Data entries
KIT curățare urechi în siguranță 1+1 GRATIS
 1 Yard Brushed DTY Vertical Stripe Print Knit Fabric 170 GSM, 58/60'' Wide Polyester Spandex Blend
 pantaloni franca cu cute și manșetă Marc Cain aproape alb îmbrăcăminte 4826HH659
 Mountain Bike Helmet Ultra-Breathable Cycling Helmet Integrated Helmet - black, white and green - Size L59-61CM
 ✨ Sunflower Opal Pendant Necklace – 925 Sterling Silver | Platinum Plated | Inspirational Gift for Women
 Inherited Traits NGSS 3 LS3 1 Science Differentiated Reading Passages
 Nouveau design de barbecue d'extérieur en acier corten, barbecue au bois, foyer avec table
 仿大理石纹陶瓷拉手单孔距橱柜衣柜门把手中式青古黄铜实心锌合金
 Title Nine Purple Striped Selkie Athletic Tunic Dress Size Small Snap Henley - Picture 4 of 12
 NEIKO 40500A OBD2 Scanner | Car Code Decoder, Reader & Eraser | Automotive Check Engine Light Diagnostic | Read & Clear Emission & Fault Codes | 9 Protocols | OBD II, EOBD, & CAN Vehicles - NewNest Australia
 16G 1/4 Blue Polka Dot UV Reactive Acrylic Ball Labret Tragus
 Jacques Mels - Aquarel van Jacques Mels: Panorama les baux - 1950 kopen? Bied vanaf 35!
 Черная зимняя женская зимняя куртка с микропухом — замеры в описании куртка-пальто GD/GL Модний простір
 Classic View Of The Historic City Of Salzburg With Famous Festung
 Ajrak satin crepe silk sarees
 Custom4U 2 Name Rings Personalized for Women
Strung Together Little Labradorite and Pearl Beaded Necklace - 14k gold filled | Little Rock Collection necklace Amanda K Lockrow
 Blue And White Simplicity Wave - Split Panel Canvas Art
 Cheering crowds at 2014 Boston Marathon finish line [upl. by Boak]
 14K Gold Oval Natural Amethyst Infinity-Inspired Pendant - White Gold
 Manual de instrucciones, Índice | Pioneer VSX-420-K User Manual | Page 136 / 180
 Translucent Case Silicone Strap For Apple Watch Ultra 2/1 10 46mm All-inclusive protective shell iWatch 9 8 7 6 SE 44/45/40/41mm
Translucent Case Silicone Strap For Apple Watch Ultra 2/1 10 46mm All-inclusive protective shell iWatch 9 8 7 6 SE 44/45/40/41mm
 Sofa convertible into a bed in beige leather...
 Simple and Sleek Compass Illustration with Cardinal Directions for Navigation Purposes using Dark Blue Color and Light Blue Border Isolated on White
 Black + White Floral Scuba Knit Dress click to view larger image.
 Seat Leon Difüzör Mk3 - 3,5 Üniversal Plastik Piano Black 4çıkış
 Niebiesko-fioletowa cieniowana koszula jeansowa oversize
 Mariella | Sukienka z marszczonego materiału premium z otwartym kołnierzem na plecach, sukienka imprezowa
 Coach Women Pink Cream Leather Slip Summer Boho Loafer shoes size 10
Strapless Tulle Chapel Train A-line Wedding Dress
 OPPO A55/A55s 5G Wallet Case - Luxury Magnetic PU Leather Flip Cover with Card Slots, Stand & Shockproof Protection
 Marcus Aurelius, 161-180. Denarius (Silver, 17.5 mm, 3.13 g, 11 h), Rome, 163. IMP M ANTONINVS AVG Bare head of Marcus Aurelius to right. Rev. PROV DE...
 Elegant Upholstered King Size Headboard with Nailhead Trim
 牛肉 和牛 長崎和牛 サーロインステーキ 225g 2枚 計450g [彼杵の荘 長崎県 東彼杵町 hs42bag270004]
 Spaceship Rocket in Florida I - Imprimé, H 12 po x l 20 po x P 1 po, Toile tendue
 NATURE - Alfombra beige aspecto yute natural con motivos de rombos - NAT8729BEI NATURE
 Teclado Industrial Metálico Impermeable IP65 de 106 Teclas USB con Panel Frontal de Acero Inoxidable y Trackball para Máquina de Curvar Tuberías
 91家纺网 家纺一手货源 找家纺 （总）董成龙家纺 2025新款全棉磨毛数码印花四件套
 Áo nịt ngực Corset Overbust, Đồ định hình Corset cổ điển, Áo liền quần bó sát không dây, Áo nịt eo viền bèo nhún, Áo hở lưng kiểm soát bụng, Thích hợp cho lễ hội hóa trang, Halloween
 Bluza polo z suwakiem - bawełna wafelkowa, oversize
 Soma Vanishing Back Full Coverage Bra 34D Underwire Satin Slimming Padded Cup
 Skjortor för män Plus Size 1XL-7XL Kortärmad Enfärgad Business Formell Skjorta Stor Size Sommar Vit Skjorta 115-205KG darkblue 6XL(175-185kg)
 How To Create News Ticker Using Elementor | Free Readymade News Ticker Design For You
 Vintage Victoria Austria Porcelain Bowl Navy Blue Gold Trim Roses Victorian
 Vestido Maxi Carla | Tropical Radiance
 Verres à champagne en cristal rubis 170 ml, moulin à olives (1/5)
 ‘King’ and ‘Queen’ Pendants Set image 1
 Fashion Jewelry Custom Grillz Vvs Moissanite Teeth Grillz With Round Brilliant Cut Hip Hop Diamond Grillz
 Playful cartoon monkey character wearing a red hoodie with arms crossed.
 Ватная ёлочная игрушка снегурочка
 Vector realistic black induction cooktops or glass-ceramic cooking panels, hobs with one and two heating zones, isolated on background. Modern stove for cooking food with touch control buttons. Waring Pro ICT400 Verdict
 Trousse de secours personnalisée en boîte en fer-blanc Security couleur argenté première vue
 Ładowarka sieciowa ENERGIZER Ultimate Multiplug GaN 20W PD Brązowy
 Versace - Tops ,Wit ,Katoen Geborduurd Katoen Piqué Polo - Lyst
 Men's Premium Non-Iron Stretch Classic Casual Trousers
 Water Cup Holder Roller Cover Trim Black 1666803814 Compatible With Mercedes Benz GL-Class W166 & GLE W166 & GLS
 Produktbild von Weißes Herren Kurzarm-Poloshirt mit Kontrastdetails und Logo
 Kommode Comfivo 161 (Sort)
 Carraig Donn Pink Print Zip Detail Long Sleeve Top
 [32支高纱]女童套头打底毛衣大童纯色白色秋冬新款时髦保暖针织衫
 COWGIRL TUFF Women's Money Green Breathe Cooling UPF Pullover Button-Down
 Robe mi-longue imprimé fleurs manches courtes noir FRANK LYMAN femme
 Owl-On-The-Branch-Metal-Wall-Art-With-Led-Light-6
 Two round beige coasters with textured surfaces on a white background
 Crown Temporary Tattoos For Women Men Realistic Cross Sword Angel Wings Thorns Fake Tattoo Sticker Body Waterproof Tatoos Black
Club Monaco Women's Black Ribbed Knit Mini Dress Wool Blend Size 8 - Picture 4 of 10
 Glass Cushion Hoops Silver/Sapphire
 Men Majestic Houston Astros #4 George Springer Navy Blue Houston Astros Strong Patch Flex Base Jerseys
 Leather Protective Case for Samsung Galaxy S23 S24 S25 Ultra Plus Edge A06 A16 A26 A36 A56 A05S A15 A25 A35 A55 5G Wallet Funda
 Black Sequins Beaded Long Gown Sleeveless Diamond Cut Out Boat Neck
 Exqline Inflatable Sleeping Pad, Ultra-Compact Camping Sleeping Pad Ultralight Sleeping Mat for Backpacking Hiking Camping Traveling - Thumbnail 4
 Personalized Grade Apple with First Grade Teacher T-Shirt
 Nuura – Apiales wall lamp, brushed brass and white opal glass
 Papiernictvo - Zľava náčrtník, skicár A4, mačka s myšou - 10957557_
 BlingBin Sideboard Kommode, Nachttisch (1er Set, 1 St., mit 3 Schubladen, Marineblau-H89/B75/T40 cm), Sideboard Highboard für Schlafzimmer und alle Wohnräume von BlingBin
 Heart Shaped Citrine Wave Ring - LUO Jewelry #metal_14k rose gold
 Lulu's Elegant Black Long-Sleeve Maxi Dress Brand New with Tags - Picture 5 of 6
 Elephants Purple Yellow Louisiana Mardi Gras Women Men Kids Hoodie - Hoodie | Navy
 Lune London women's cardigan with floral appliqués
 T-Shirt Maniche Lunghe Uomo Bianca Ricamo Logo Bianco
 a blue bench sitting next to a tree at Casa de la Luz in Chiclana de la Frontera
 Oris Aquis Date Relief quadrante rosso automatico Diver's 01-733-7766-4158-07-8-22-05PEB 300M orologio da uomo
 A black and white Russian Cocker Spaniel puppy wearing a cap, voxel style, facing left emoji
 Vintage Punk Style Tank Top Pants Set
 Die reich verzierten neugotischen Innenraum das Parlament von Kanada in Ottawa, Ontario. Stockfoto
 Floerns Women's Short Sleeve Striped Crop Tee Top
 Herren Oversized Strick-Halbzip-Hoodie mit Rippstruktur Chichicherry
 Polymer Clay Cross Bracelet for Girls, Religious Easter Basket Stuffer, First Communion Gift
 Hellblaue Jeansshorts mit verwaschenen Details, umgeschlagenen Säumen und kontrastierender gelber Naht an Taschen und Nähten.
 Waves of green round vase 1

■ **Directions**: Reproduce the lines of the entries above from the one with "Coach Women Pink" to the one with "Verres à champagne", both included, exactly and without any other line.

■ **Worked solution**:
 Coach Women Pink Cream Leather Slip Summer Boho Loafer shoes size 10
Strapless Tulle Chapel Train A-line Wedding Dress
 OPPO A55/A55s 5G Wallet Case - Luxury Magnetic PU Leather Flip Cover with Card Slots, Stand & Shockproof Protection
 Marcus Aurelius, 161-180. Denarius (Silver, 17.5 mm, 3.13 g, 11 h), Rome, 163. IMP M ANTONINVS AVG Bare head of Marcus Aurelius to right. Rev. PROV DE...
 Elegant Upholstered King Size Headboard with Nailhead Trim
 牛肉 和牛 長崎和牛 サーロインステーキ 225g 2枚 計450g [彼杵の荘 長崎県 東彼杵町 hs42bag270004]
 Spaceship Rocket in Florida I - Imprimé, H 12 po x l 20 po x P 1 po, Toile tendue
 NATURE - Alfombra beige aspecto yute natural con motivos de rombos - NAT8729BEI NATURE
 Teclado Industrial Metálico Impermeable IP65 de 106 Teclas USB con Panel Frontal de Acero Inoxidable y Trackball para Máquina de Curvar Tuberías
 91家纺网 家纺一手货源 找家纺 （总）董成龙家纺 2025新款全棉磨毛数码印花四件套
 Áo nịt ngực Corset Overbust, Đồ định hình Corset cổ điển, Áo liền quần bó sát không dây, Áo nịt eo viền bèo nhún, Áo hở lưng kiểm soát bụng, Thích hợp cho lễ hội hóa trang, Halloween
 Bluza polo z suwakiem - bawełna wafelkowa, oversize
 Soma Vanishing Back Full Coverage Bra 34D Underwire Satin Slimming Padded Cup
 Skjortor för män Plus Size 1XL-7XL Kortärmad Enfärgad Business Formell Skjorta Stor Size Sommar Vit Skjorta 115-205KG darkblue 6XL(175-185kg)
 How To Create News Ticker Using Elementor | Free Readymade News Ticker Design For You
 Vintage Victoria Austria Porcelain Bowl Navy Blue Gold Trim Roses Victorian
 Vestido Maxi Carla | Tropical Radiance
 Verres à champagne en cristal rubis 170 ml, moulin à olives (1/5)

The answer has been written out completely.